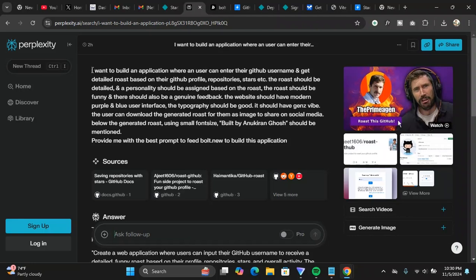I want to build an application where a user can enter the GitHub username and get detailed roast based on your GitHub profile, repository, stars, etc. The roast should be detailed and a personality should be assigned based on the roast. The roast should be funny and there should be also a genuine feedback. The website should have modern purple and blue user interface. The typography should be good. It should have Gen Z vibe.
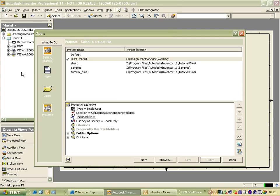That project would then control all the search paths for things like standard parts, libraries, styles, and sub-directories where they organize all the parts. So it is quite a good little system used outside DDM.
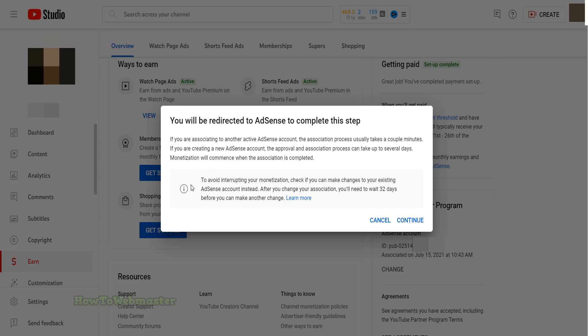If you are changing to a brand new AdSense account, you will need to wait a few days for approval. Click on continue to proceed.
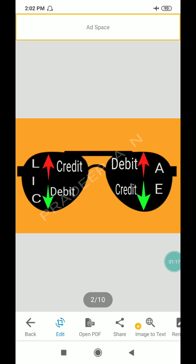When LIC increases, then it will be credited. When LIC decreases, then it will be debited. When AE increases, it will be debited. When AE decreases, it will be credited.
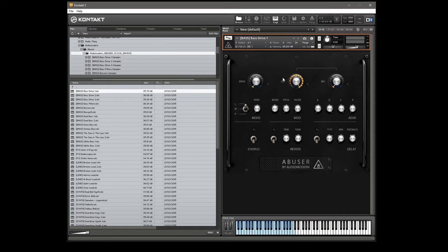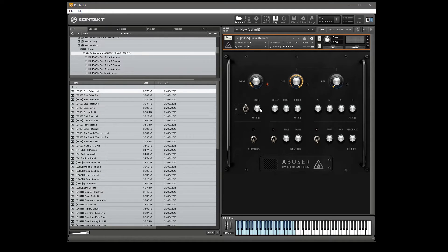Our interface starts with a drive control for added distortion, filter cutoff, and resonance. Then we have the play mode, which goes between legato, mono, and polyphonic. There's also a portamento mode slider for the legato, which basically just increases the slide time in between notes.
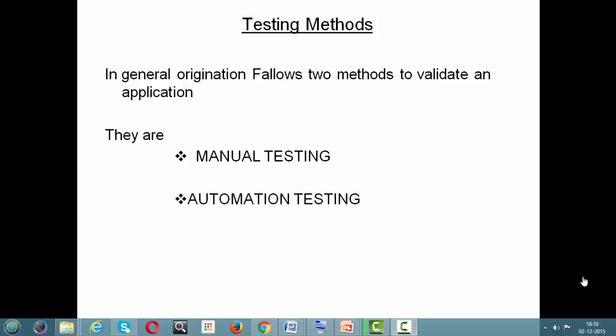In manual testing it is done by a human. In automation testing the same thing is converted to automation, but what specific human activities will be automated is what we actually need to know. Three human activities will be automated. Before heading into the topic, let's see what exactly manual testing and automation testing are, because these are the two things we are going to learn in our coming classes.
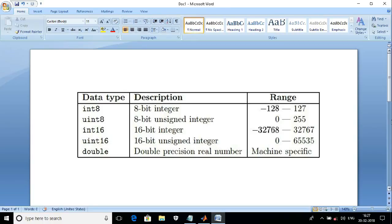uint8 is one of the most important data types. When you call imread to read an image file, in most cases you see image file formats use 8-bit to store each pixel value. For that reason, the data type or class in most cases is uint8, or unsigned integer.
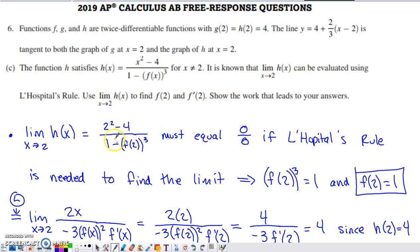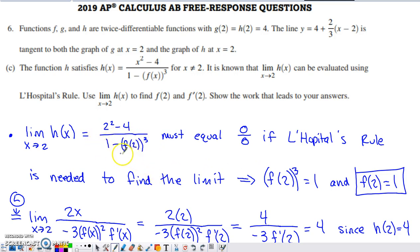Since H of x equals that fraction when x doesn't equal 2, as we approach 2 we can replace H of x with that fraction. Plugging 2 into the fraction, the numerator clearly equals 0. Since L'Hôpital's rule is necessary, the denominator must also equal 0. That means 1 minus F of 2 cubed equals 0, so F of 2 cubed equals 1. Taking the cube root, F of 2 equals 1. Kind of a weird way to find it, but it makes sense.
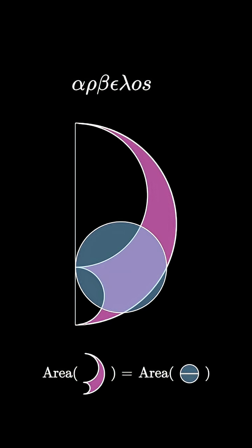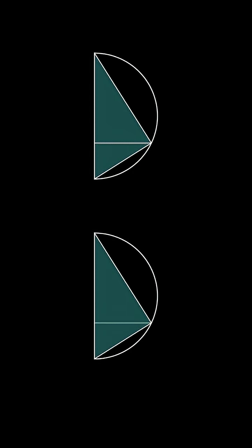To prove this, we inscribe this triangle in the semicircle, which by Thales' triangle theorem is right angled. It can be decomposed into two smaller right triangles as well.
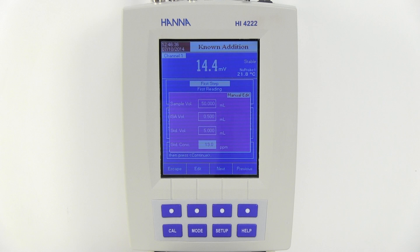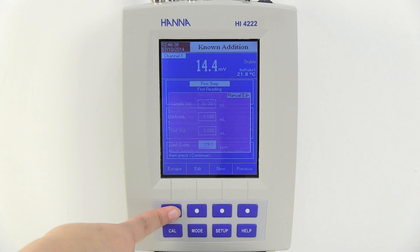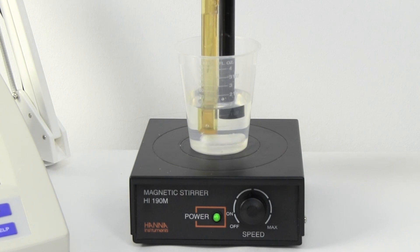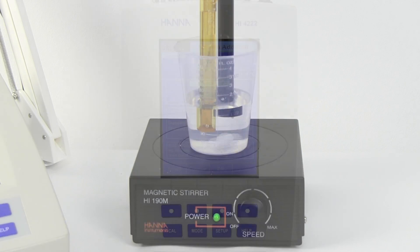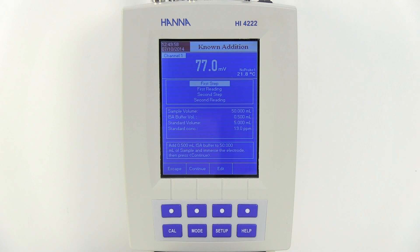After all these parameters are set and solutions prepared, press Esc. Submerge the ISE probe and the reference electrode into the solution. The sample should be stirring during the measurement. The screen should be at the first step stage. The meter will prompt you to add 0.5 mils of ISA to the sample.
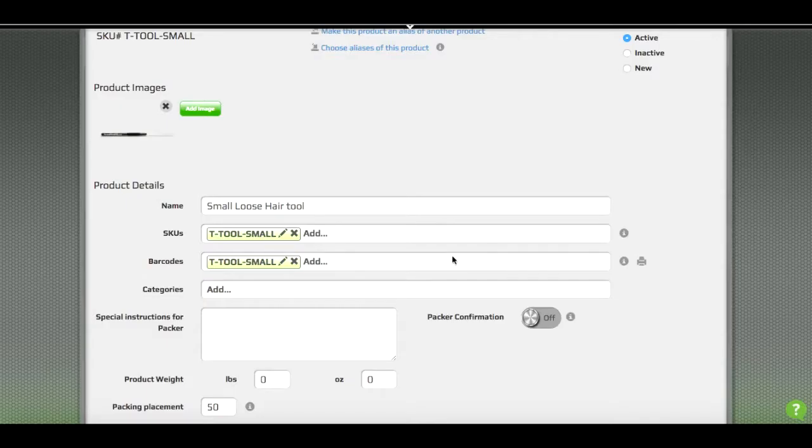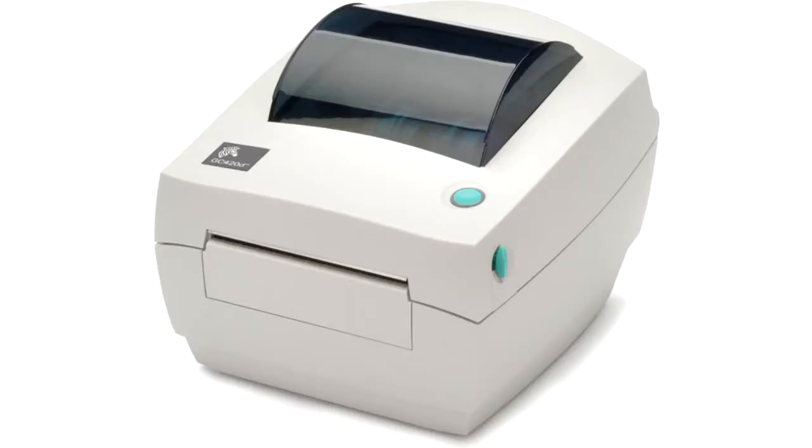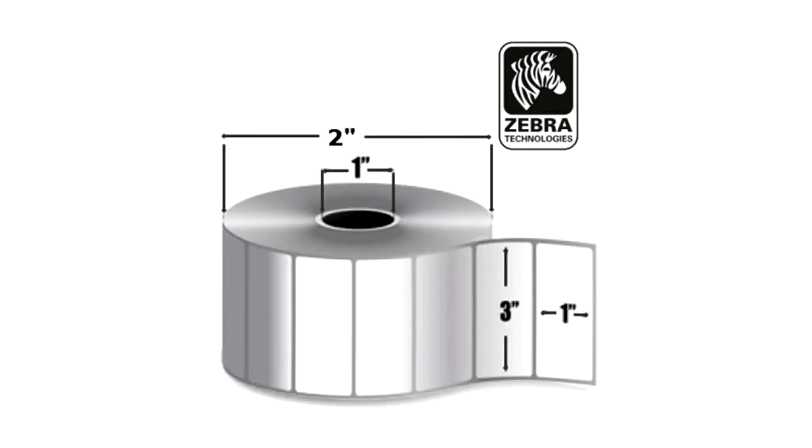After you've generated barcodes from your SKU, the next step is to print these so they can be adhered to products for scanning. Whatever barcode you have here, you can print just by clicking the printer icon and a PDF will be generated that you can print on your thermal label printer. The label size is one by three, which is a really convenient size for barcoding.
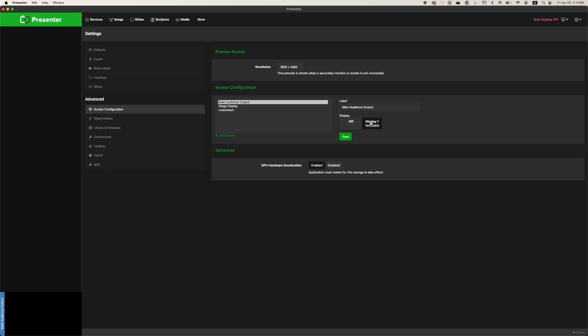If you have multiple TVs, monitors, or projectors connected to the computer, you might also see a display 2, display 3, and so on. And if that's the case, you may need to play around with the display routings to make sure that the audience output ends up on the proper screen for your audience.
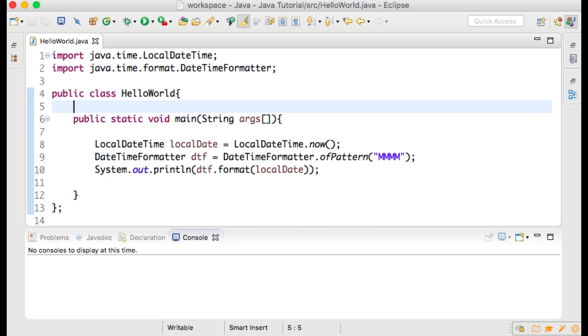This is the code that I am using to obtain the current month, which I will then use within the switch statement that we will be typing. Alternatively, for the purposes of this tutorial, you could just write string month and set it to October within quotations.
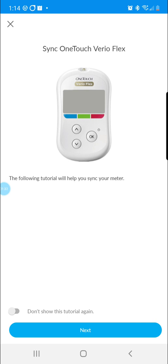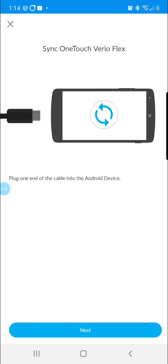Next, it will walk you through a tutorial that will help you sync your meter. So from here, we will click on next.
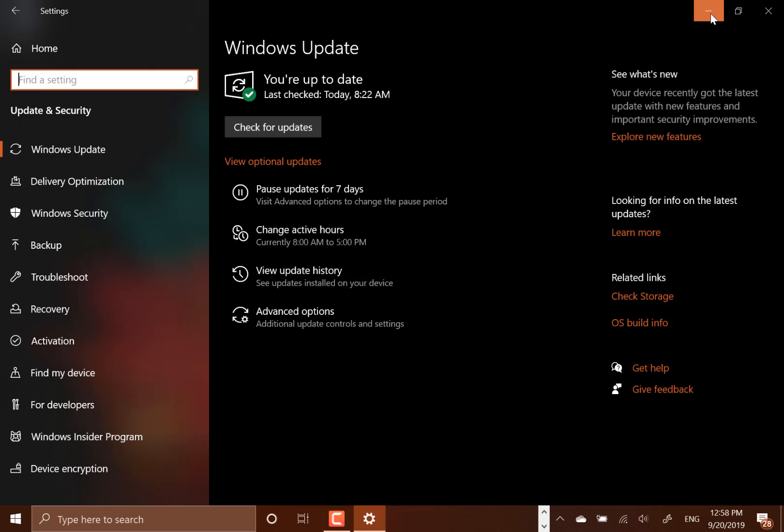They've got rid of the known issues for the Realtek SD cards because you need new drivers basically, so they're removing that from the known issues list but it's not actually been fixed.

____

WORK TO BE COMPLETED -> Would you output only the span of the records above that opens with the line containing "If you are changing" and closes with the line containing "When LIC increases, then", ends included and pictures dropped?

RESPONSE ->
If you are changing to a brand new AdSense account, you will need to wait a few days for approval. Click on continue to proceed.
When LIC increases, then it will be credited. When LIC decreases, then it will be debited. When AE increases, it will be debited. When AE decreases, it will be credited.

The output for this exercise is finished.